You can allow yourself to slow down during your day, in between duties, demands, and doings. Giving yourself a break to think, reflect, digest, and breathe, before you take on the next thing. These are a couple of minutes , very much possible to implement.
But how do we slow down and pause for a longer period of time?
The Long Pause
Here is what Brené Brown did last year (2022). She was tired from ongoing avalanches of family issues and workloads and she was desperate for time to rest and re-energize.
She realized that due to all the stuff happening in her life and work, she started neglecting her routine of integrating slow time in her daily life. Knowing that this is a source of energy, clear thinking, and motivation she needed to do something about it. Because at the end of the day, it doesn’t help herself, the people around her, and her work if she loses this space for breathing, and her recharging times. “We need breath and space”, she told the people in her organization.
Brené decided to take a sabbatical over the summer. “I’ve never done it before, and just the thought of taking off 14 weeks is anxiety-producing for someone who can struggle to take a week off.”
She allowed herself the unthinkable, the one thing she knew she needed desperately while everyone else was telling her that she is irresponsible and unrealistic. She runs an organization with staff (they got additional paid vacation) and she inspires a global community with millions of true fans and followers she interacts with. Some of them insulted her for leaving the community alone for a while, while others supported her decision.
Give Yourself Permission To Pause
“What you’re doing seems smart and thoughtful, but you are on the receiving end of an enormous amount of hate and cruelty.” Brené was told when announcing her decision to step away for a while.
It is one thing of course if we decide for ourselves to push the pause button. But this can have consequences for the world around us with which we are entangled.
Brené Brown struggled and stumbled the first half of the hiatus. The usual feeling of relaxation and reenergizing which she knew from few days pausing in the past did not want to occur. Instead, she felt as having fallen off a cliff. But in the second half of her break she climbed up and cleared out a bunch of issues that are going to be sorted out moving forward and she came back with a feeling of renewal and excitement.
You have the choice and freedom to create the space you need and to set the pace at which you want to proceed.
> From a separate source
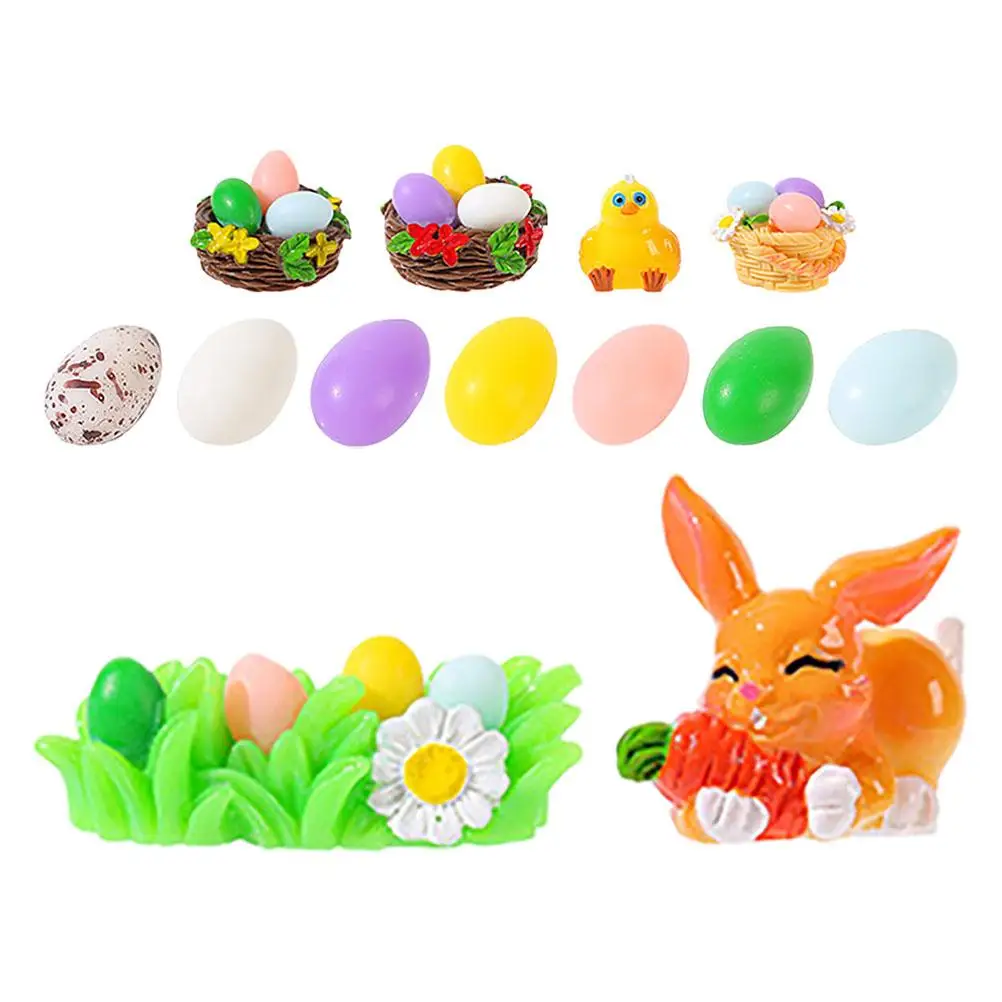 13 Pcs Easter Bunny Egg Resin Mini Figurines DIY Craft Home Decor Micro L Accessories Mini Decorations Rabbit naments
13 Pcs Easter Bunny Egg Resin Mini Figurines DIY Craft Home Decor Micro L Accessories Mini Decorations Rabbit naments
This is not selfish, because it doesn’t help the world you are entangled with if you are empty, exhausted, demotivated, and not well.
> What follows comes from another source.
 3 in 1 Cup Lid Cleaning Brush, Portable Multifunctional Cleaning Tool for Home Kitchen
To help, support, lead, and share with your people, your community, and your work you need to function properly, decide wisely, and think clearly.
Give yourself permission to pause in between and once in a while take a longer breath and sort out what’s not needed anymore.
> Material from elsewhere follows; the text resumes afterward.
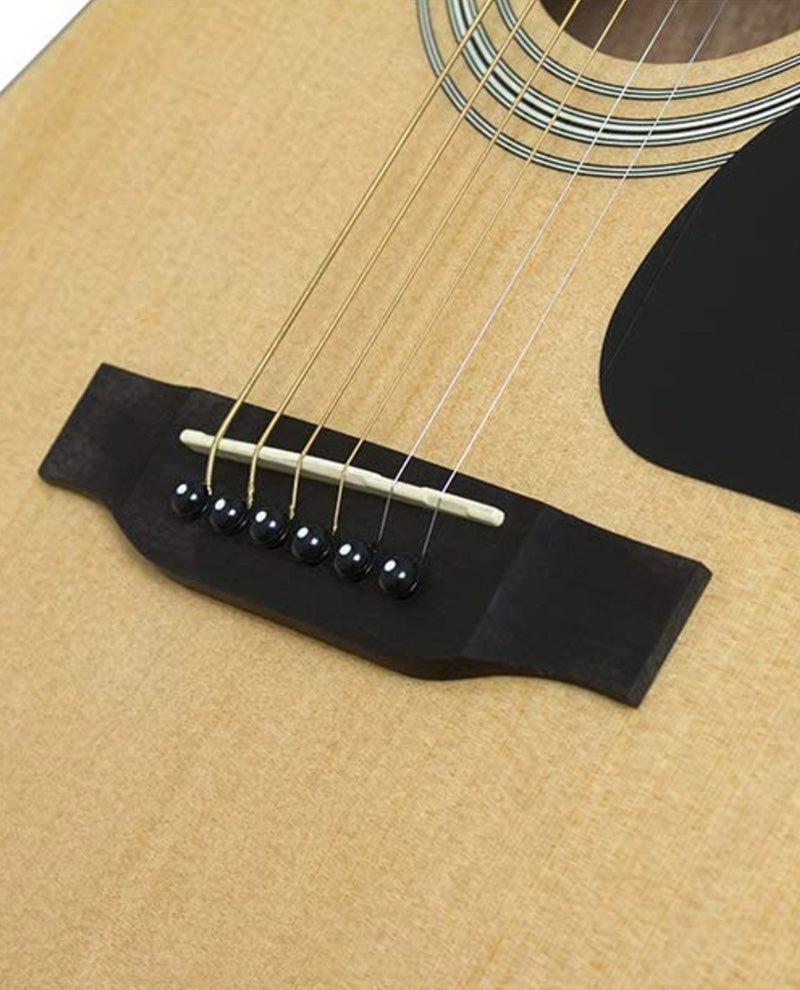 Paquete de Guitarra Acústica FT100 Natural (Incluye Funda Tahalí Púas y Afinador) EPIPHONE PPAGEAFTNACH3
"Taking a moment to commit to how we feel in ordinary moments can be very powerful." - Brené Brown
Give yourself the chance to discover, appreciate, and use moments of slowing down to react with more awareness, respond with more thought, and digest what just happened.
IMPULSE : The Power of Vulnerability
In Brené Brown’s desire to understand human connection, our ability to empathize, to belong, and to love, she researched these themes over decades. In this inspirational, funny talk, she shares a deep insight from her research, one that sent her on a personal quest to know herself as well as to understand humanity.
Brené Brown’s 2010 TED Talk “The Power of Vulnerability” is one of the most viewed talks in the world. >>>
INDEPTH : Bringing Balance Into Daily Life
Leaning back, looking up into the sky, taking deep breaths, a hug, a smile, an expresso at the counter of the Italian place, these are all little breaks, small moments - like cracks in-between your daily activities that let some light shine through. And that let you feel life.
Little things in daily life can bring you balance.
Inject some moments of feeling yourself which is in and of itself a balance to your straightforward workday filled with the hustle and bustle.